The problem — Filter the data for lines with the word "Water", then copy every line so identified.

Scraped caption text data

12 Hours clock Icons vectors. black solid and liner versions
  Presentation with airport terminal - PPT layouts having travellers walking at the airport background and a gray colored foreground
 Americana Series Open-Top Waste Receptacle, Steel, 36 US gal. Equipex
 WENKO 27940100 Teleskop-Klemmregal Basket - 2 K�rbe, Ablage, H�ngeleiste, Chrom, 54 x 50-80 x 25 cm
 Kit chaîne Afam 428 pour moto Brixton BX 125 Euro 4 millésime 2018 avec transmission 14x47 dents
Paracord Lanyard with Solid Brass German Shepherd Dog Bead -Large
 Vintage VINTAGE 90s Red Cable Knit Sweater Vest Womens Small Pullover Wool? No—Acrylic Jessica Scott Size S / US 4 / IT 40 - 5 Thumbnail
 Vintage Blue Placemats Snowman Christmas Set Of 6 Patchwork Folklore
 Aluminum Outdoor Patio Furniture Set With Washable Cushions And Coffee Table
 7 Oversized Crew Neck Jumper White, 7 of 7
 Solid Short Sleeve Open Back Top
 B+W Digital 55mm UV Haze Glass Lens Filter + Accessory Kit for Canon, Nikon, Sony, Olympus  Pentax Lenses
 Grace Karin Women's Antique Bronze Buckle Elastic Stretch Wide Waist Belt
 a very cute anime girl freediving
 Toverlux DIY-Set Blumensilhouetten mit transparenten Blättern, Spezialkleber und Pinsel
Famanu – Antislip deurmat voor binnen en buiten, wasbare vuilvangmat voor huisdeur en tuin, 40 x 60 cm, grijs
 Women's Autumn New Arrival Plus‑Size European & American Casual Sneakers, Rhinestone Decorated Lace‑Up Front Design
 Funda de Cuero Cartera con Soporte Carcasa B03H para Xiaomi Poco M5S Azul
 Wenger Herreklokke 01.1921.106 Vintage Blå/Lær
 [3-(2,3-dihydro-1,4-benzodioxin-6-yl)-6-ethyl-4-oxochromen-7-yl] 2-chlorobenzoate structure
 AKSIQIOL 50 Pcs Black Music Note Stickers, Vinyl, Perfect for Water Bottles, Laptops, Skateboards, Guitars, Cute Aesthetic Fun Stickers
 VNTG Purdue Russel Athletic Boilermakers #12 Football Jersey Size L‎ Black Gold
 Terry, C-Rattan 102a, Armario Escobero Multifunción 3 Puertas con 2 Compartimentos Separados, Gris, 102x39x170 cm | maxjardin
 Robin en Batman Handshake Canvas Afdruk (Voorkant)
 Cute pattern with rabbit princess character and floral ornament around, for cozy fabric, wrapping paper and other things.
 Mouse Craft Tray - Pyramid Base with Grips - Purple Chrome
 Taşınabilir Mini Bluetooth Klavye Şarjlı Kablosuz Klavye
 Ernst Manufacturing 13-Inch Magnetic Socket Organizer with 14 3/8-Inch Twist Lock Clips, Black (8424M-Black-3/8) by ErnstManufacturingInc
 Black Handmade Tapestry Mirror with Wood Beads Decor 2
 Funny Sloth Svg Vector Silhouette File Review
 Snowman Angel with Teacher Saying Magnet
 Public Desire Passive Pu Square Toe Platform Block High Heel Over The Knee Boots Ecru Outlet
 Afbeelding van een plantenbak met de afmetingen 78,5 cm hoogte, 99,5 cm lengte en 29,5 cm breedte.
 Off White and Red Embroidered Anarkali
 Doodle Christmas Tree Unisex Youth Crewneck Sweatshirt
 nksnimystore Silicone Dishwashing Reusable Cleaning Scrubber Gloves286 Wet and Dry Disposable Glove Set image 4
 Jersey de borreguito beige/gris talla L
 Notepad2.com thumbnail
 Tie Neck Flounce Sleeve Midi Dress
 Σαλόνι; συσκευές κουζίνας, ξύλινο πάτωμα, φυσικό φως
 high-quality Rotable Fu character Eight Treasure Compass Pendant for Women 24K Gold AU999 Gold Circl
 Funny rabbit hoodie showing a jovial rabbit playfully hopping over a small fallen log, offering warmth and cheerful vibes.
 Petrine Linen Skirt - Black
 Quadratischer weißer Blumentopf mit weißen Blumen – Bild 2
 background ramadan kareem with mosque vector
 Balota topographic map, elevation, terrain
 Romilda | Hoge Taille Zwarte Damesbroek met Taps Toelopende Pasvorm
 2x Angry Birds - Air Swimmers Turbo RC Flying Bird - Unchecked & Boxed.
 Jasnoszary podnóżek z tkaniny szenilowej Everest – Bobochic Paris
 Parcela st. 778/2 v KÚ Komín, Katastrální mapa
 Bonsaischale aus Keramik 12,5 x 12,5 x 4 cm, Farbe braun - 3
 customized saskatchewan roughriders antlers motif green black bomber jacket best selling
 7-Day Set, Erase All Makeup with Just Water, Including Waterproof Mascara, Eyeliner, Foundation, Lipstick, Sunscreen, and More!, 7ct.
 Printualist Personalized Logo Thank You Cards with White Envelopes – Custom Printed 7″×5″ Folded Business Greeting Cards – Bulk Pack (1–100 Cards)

Answer to this problem —
 AKSIQIOL 50 Pcs Black Music Note Stickers, Vinyl, Perfect for Water Bottles, Laptops, Skateboards, Guitars, Cute Aesthetic Fun Stickers
 7-Day Set, Erase All Makeup with Just Water, Including Waterproof Mascara, Eyeliner, Foundation, Lipstick, Sunscreen, and More!, 7ct.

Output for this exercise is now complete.